On the evening of January 24, 2012, Theo Angelopoulos, crossing a road near the port of Piraeus where he was shooting his latest film, was struck by a motorcyclist; the 76-year-old died in hospital. There’s something cruelly ironic about this sudden bringing-to-a-close of a work where events are anything but so arbitrary and precipitate. When death comes to the protagonist of an Angelopoulos film – for example, Spyros’ suicide in The Beekeeper or Alexander’s implied death in Eternity and a Day – it’s an inevitable one, in keeping with the deliberate pacing of his cinema and the carefully-calibrated, majestic movement of his sequence shots.
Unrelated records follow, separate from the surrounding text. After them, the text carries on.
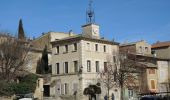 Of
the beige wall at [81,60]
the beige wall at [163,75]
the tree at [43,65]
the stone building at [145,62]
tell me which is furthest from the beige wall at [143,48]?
the tree at [43,65]

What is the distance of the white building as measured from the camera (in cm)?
6512

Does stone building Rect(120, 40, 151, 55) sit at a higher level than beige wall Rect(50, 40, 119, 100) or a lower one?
higher

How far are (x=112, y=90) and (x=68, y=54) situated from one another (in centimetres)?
1058

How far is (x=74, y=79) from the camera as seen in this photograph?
216 feet

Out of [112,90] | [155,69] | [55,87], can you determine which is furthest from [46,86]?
[155,69]

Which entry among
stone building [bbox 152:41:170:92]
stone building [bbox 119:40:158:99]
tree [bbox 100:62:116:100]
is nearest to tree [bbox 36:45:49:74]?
tree [bbox 100:62:116:100]

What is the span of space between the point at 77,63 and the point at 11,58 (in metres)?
11.1

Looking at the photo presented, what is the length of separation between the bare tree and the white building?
6817 millimetres

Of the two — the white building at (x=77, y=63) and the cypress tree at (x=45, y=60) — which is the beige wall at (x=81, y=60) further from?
the cypress tree at (x=45, y=60)

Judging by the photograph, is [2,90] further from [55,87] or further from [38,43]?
[38,43]

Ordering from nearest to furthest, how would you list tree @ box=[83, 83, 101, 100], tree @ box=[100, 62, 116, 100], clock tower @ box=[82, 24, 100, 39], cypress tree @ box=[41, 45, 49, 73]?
tree @ box=[83, 83, 101, 100], tree @ box=[100, 62, 116, 100], clock tower @ box=[82, 24, 100, 39], cypress tree @ box=[41, 45, 49, 73]

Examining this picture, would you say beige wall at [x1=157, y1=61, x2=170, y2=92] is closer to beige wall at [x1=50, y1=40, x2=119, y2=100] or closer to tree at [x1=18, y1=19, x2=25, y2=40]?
beige wall at [x1=50, y1=40, x2=119, y2=100]

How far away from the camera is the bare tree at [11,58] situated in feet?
205

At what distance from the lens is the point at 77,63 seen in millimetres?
65812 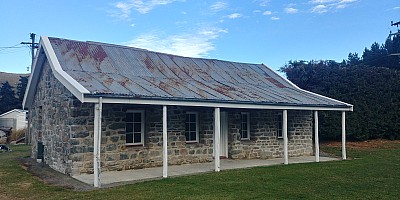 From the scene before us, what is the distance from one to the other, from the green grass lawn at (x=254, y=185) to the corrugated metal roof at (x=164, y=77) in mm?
2349

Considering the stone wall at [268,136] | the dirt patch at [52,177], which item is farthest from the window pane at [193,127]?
the dirt patch at [52,177]

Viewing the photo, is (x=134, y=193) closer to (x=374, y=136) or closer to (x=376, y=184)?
(x=376, y=184)

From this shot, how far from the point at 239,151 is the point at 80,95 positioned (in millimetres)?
7584

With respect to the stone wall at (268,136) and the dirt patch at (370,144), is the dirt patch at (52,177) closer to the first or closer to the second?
the stone wall at (268,136)

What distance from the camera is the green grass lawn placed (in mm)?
7887

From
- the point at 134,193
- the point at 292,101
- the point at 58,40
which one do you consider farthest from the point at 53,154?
the point at 292,101

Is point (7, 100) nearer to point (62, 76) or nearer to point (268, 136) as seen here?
point (268, 136)

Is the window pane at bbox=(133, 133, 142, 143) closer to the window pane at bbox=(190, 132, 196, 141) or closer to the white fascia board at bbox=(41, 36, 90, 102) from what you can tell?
the window pane at bbox=(190, 132, 196, 141)

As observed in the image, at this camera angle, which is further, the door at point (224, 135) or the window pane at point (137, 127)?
the door at point (224, 135)

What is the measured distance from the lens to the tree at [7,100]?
42031 mm

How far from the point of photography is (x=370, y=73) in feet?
69.8

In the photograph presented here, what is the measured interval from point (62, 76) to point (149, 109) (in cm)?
308

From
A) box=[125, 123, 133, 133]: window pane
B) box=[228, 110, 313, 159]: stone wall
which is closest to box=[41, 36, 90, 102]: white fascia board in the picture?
box=[125, 123, 133, 133]: window pane

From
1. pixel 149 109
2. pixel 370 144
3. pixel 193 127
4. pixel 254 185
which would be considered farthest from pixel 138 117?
pixel 370 144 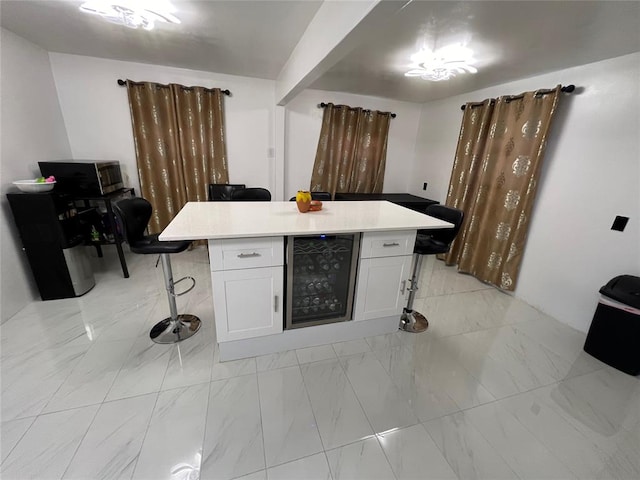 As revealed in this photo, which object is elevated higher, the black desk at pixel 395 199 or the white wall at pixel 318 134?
the white wall at pixel 318 134

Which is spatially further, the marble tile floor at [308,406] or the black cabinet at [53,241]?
the black cabinet at [53,241]

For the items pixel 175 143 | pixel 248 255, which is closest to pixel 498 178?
pixel 248 255

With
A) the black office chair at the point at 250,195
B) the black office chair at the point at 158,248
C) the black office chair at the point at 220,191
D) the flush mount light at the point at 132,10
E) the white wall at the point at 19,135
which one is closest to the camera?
the flush mount light at the point at 132,10

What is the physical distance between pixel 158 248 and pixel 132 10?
1.55 meters

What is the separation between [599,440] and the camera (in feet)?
4.73

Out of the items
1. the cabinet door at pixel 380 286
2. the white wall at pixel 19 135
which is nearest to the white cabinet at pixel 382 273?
the cabinet door at pixel 380 286

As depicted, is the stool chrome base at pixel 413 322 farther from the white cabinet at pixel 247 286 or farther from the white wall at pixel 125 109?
the white wall at pixel 125 109

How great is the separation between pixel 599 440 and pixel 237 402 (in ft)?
6.77

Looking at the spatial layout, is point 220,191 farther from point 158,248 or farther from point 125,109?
point 158,248

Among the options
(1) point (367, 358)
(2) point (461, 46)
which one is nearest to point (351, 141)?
(2) point (461, 46)

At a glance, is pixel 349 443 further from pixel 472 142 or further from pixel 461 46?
pixel 472 142

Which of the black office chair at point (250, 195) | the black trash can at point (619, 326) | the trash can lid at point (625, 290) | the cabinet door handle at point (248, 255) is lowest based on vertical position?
the black trash can at point (619, 326)

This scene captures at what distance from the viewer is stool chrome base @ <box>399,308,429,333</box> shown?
229 centimetres

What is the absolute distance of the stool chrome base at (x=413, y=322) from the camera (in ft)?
→ 7.52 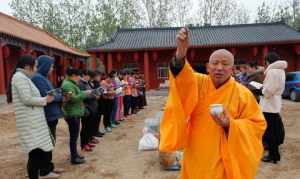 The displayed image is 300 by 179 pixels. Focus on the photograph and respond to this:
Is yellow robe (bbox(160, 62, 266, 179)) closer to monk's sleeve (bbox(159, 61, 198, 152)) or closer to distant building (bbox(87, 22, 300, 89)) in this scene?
monk's sleeve (bbox(159, 61, 198, 152))

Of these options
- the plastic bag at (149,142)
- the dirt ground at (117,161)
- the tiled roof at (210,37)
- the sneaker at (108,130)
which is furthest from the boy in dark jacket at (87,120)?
the tiled roof at (210,37)

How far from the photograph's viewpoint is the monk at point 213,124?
1.92 metres

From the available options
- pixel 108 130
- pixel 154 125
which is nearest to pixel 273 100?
pixel 154 125

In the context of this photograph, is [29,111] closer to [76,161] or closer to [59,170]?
[59,170]

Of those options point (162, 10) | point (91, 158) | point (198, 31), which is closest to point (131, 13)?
point (162, 10)

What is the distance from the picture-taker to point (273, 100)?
4621mm

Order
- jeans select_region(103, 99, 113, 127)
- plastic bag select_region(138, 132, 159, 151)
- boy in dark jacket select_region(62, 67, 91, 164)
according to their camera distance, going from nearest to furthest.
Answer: boy in dark jacket select_region(62, 67, 91, 164) < plastic bag select_region(138, 132, 159, 151) < jeans select_region(103, 99, 113, 127)

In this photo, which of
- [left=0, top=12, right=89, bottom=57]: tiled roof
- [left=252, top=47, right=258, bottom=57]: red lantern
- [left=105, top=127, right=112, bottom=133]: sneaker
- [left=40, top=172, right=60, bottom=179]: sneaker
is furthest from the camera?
[left=252, top=47, right=258, bottom=57]: red lantern

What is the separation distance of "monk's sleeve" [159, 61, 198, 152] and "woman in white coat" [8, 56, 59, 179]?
A: 214cm

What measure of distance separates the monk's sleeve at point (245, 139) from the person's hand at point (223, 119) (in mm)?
37

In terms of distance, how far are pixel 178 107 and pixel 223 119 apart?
286 mm

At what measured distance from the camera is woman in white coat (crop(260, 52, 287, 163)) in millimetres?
4555

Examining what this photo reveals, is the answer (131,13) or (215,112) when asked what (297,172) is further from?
(131,13)

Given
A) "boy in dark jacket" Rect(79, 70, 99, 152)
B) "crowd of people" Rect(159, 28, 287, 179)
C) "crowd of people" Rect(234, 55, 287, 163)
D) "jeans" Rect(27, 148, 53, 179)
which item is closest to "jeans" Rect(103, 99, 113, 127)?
"boy in dark jacket" Rect(79, 70, 99, 152) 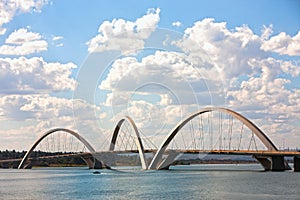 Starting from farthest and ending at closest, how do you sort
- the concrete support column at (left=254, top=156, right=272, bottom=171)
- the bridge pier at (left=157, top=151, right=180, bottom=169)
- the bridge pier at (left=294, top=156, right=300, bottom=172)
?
the bridge pier at (left=157, top=151, right=180, bottom=169) → the concrete support column at (left=254, top=156, right=272, bottom=171) → the bridge pier at (left=294, top=156, right=300, bottom=172)

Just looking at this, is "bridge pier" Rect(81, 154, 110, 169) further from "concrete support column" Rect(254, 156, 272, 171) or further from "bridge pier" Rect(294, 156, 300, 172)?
"bridge pier" Rect(294, 156, 300, 172)

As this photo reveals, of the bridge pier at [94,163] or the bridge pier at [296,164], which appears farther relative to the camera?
the bridge pier at [94,163]

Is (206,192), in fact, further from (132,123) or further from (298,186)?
(132,123)

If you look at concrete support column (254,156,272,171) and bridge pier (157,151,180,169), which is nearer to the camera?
concrete support column (254,156,272,171)

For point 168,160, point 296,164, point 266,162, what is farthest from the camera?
point 168,160

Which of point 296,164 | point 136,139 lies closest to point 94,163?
point 136,139

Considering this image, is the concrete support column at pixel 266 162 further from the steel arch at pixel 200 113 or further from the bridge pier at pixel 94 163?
the bridge pier at pixel 94 163

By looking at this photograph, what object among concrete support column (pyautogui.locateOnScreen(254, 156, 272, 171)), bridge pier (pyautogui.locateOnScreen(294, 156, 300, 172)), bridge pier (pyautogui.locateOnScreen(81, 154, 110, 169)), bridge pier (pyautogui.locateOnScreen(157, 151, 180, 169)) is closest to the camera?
bridge pier (pyautogui.locateOnScreen(294, 156, 300, 172))

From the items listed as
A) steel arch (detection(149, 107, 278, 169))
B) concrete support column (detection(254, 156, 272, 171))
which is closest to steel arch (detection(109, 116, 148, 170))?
steel arch (detection(149, 107, 278, 169))

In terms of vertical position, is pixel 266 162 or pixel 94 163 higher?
pixel 266 162

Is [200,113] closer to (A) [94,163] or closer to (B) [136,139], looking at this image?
(B) [136,139]

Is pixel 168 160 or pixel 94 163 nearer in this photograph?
pixel 168 160

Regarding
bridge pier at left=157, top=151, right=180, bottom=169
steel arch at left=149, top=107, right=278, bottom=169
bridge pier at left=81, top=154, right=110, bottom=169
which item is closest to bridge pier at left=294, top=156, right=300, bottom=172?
steel arch at left=149, top=107, right=278, bottom=169

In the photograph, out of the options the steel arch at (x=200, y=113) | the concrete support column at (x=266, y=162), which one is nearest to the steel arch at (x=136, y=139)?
the steel arch at (x=200, y=113)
Andrew Horton has called Angelopoulos “the last modernist” and in recent years he has seemed a lonely figure, with his absolute dedication to thematic and stylistic concerns that have been consistent since his formative years in the sixties, the great age of cinema’s modernist experimentations. He has also seemed very out of keeping with the cinematic spirit of age, especially with mainstream film culture’s current resistance to anything that smacks of the difficult or the challenging. His work is a reminder of an earlier age of art cinema when a director would challenge you to a direct engagement with the work, to wrest meaning from it in a process that would be active and participatory but also – which should never be forgotten – rewarding and ultimately pleasurable. Angelopoulos was always a profoundly serious filmmaker, grappling with weighty issues of history and politics, of national destiny, of individual responsibility and personal identity. And his films are characterised by a seriousness on a formal level, too, above all in his favoured mode of the lengthy single shot in which space and time – sometimes, multiple times – are explored by a languorously moving camera.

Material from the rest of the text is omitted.